BONNERS FERRY — With an office consisting of more than 1,200 square miles, the Boundary County Sheriff Deputies spend a lot of time on the road, keeping the citizens of Boundary County safe.
Many people find themselves with that familiar light bar in their rearview mirror and instinctively slow down, gripping the steering wheel a little tighter, and wondering if they may have a taillight out, and if their car insurance is up to date. They don’t often think about all that the deputy is doing to help the people in the community.
This is a day in the life of a Boundary County Sheriff’s Deputy.
The shift begins with patrol routes, driving throughout the county, checking on communities outside of the Bonners Ferry city limits. The deputy is familiar with the areas, the citizens and their habits. He recognizes if something is amiss, indicating that someone could be in trouble.
A call comes out that there has been an unattended death. The deputy proceeds to the far end of the county, to meet and assist the coroner. His duty is to be there for the family, he says. He is also there to help remove the deceased family member and make sure that there was nothing suspicious about the death. He will take photos and look things over, and later write a report about it. He will also remove any prescriptions that the deceased person may have had and safely dispose of them, ensuring the safety of the family.
When the call is complete, the deputy leaves and passes two vehicles on the side of the road. The people are changing a tire. They have multiple people there and all the equipment, and seem to be progressing just fine. He drives by, but if they had needed help, he would have been turning around in an instant to help them.
The deputy soon hears over the radio that a Bonners Ferry Police Officer has a situation that may require assistance. He heads to Bonners Ferry to be close enough to give aid if it is needed.
Just before 5 p.m., a call comes out of a report of a power line that is on fire on North Division Street in Moyie Springs. The deputy responds to help with traffic control. When the deputy arrives, the Moyie Springs Volunteer Firefighters are already on scene.
A power line is down across a driveway. The flames have subsided some, but it still sizzles and sparks, smelling like Fourth of July fireworks. Moyie City Fire has one end of the street blocked, and the deputy offers to block the other side, keeping the citizens a safe distance from the live wire until the power company arrives to shut of the electricity.
The power company arrives and the threat to the community is now under control. The deputy moves on to continue his patrol routes.
While on the back roads of Naples, there is another call. A deer has been struck on Highway 95. Initially, it is reported that it is at the cross section of Schoolhouse Road, and the deer is reported to be injured but alive. The deputy will need to dispatch it. He searches for the deer with a spotlight mounted on the side of the patrol vehicle. Unable to find it, he speaks with the Boundary County Sheriff’s Dispatch again and they tell him that the location is actually by Sandy Ridge Road.

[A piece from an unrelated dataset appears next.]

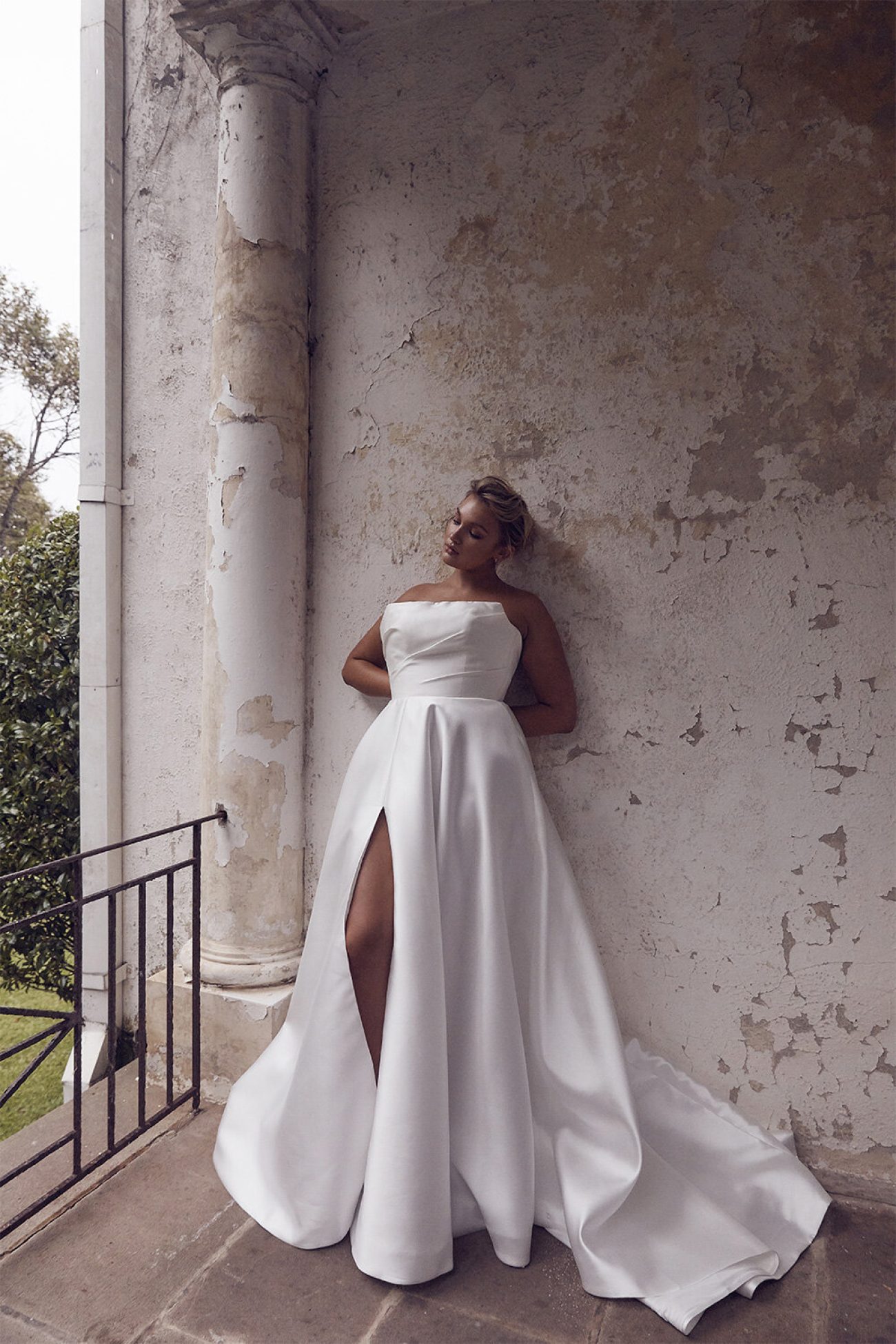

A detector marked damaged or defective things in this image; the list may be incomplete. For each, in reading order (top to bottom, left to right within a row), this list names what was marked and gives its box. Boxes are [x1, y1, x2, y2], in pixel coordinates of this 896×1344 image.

peeling plaster wall [120, 2, 217, 989]
peeling plaster wall [305, 2, 892, 1199]
cracked wall [306, 2, 892, 1199]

The deputy turns around and proceeds to that location. The deer is located laying in the middle of the highway. It is dead. The deputy makes sure that the person who struck the deer with their vehicle is okay, then dons gloves and pulls the deer from the road between cars and tractor trailers. He then assesses the damage to the vehicle and confirms that the damages are less than $1500, the driver is free to go.
The deputy continues his patrol checks. It is a good night. There is no snow and ice on the roads, but even if there were, when most people avoid driving any more than necessary, the deputy would still be putting on the miles, from one end of the county to the next.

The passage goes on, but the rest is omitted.